Wednesday, January 30, 2013

Americana Gazette

In the most recent issues of the Americana Gazette, Frye Gaillard has profiled two of his favorite singer-songwriters. In the paper’s December-January issue, Gaillard wrote about Jimbo Mathus, an old friend who was lead singer for the jazz-rock group, Squirrel Nut Zippers, back when they were singing at the White House and releasing records that quickly went platinum. Mathus is now back in his native Mississippi, writing songs and singing country-blues with a serious helping of roots rock ‘n’ roll. “Jimbo is one of the most dynamic live performers this side of Bruce Springsteen,” said Gaillard. “It’s been really fun to reconnect with him.” In the February-March issue of the Gazette, Gaillard profiles Grammy-winning country star Kathy Mattea, whose last two albums, “Coal” and “Carry Me Home,” are two of the best and most substantial she’s ever made. “I don’t know when I’ve enjoyed interviewing anybody more than I enjoyed talking to Kathy Mattea,” said Gaillard. “She’s reflective, honest, and simultaneously high-minded and self-deprecating when it comes to her career. These last albums, filled with Appalachian folks songs, are two of the most beautiful I’ve ever heard. Kathy is a native of West Virginia, and her music overflows a deep sense of place.

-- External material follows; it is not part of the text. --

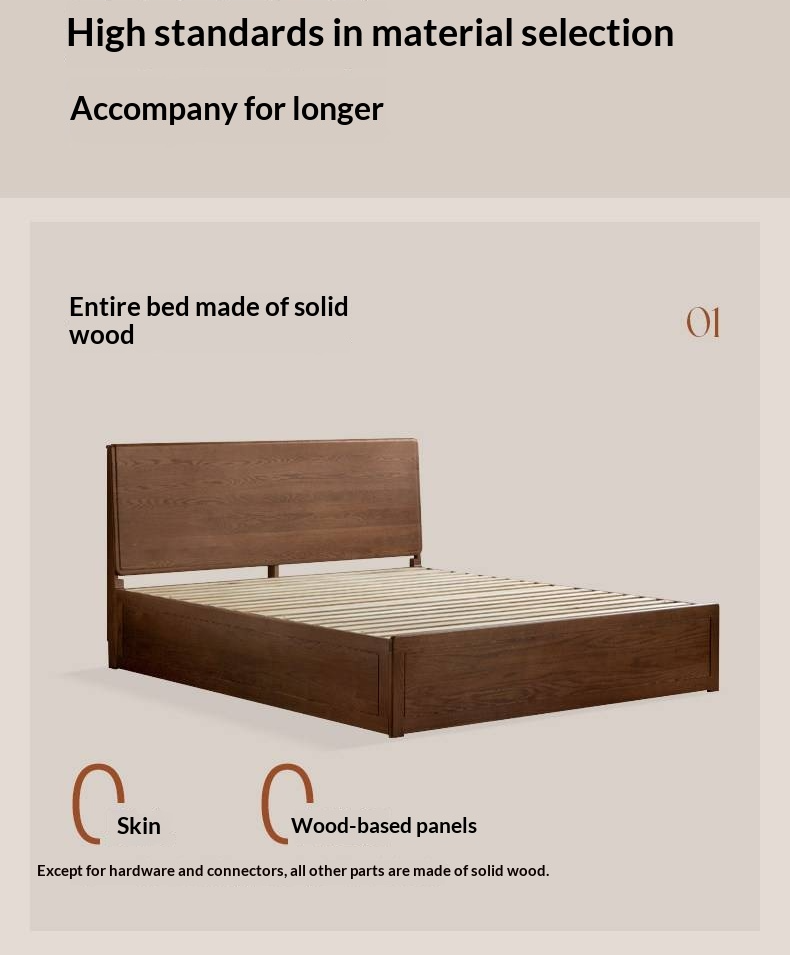 Oak Solid Wood Box Bed — Modern Minimalist Design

Really wonderful stuff.”   

Literary Mobile

Frye Gaillard is honored to have an entry in the new edition of Literary Mobile, an anthology published by Negative Capability Press and released in January 2013. Editors of the anthology include long-time friends John Hafner and Sue Walker, and Gaillard’s former student at the University of South Alabama, Rachael Alex Fowler.  “It’s been fun working with Rachael on this,” said Gaillard. “She’s one of the most promising students I’ve ever taught, and was the driving force behind this tenth anniversary edition of the anthology.” Gaillard’s entry – a non-fiction essay – is entitled “Coming Home: In Memory of Robert Croshon.” Also included in the book are essays and excerpts from such colleagues and literary favorites as Roy Hoffman, Carolyn Haines, Tom Franklin, Patricia Foster, Albert Murray, Eugene Walter, and Winston Groom.